* **About this exercise**
Using the data that follows, output only the lines from the line with "articulation cheval twydil artriday" up to and including the line with "ChatGPT vs Claude: Which", exactly, leaving pictures aside.

* **Supplied records**

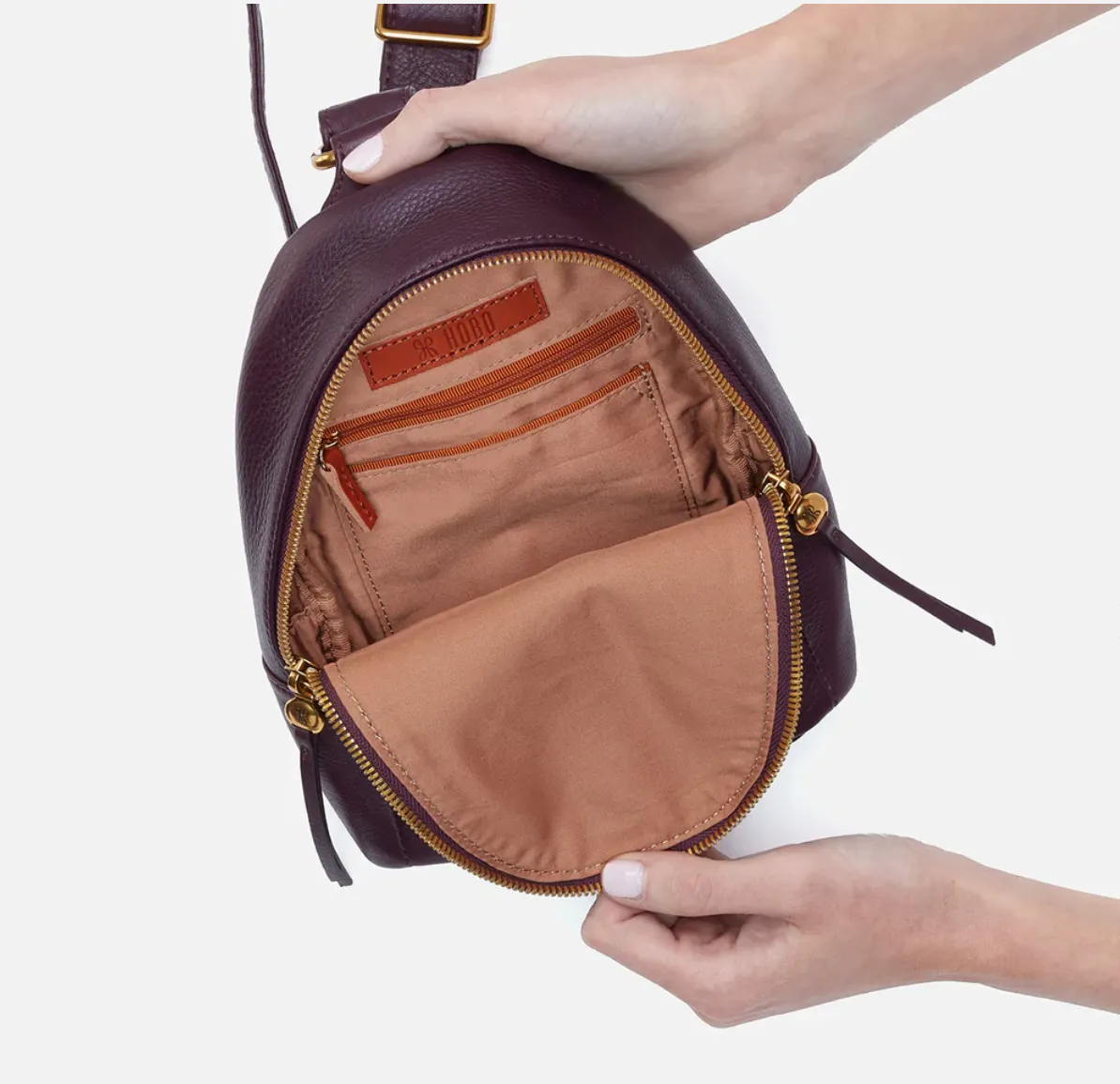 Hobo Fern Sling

--

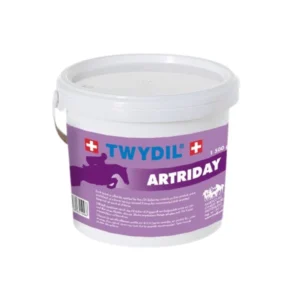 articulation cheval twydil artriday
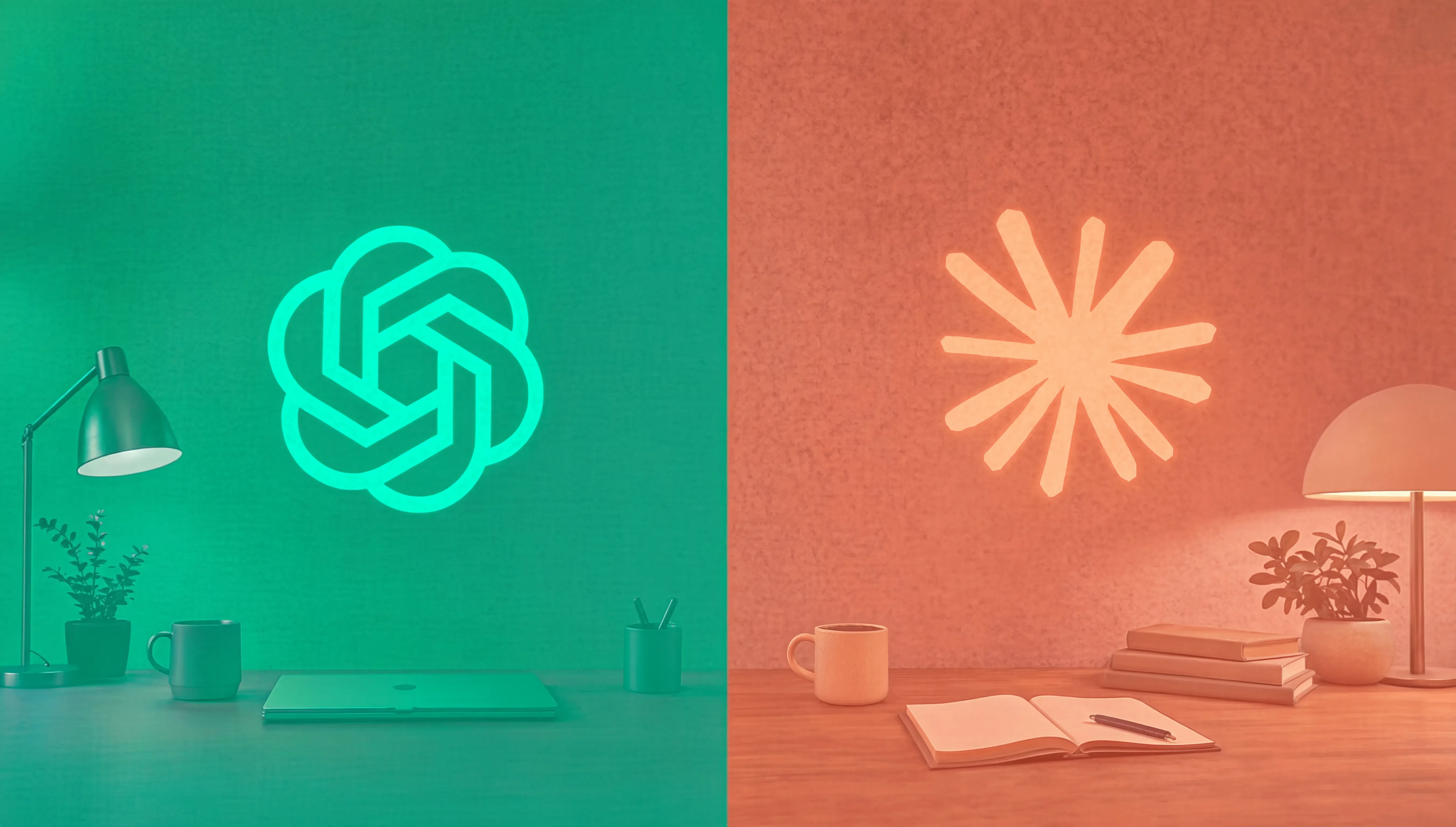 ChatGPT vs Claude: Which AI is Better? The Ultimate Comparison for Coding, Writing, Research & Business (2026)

* **Exercise response**
 articulation cheval twydil artriday
 ChatGPT vs Claude: Which AI is Better? The Ultimate Comparison for Coding, Writing, Research & Business (2026)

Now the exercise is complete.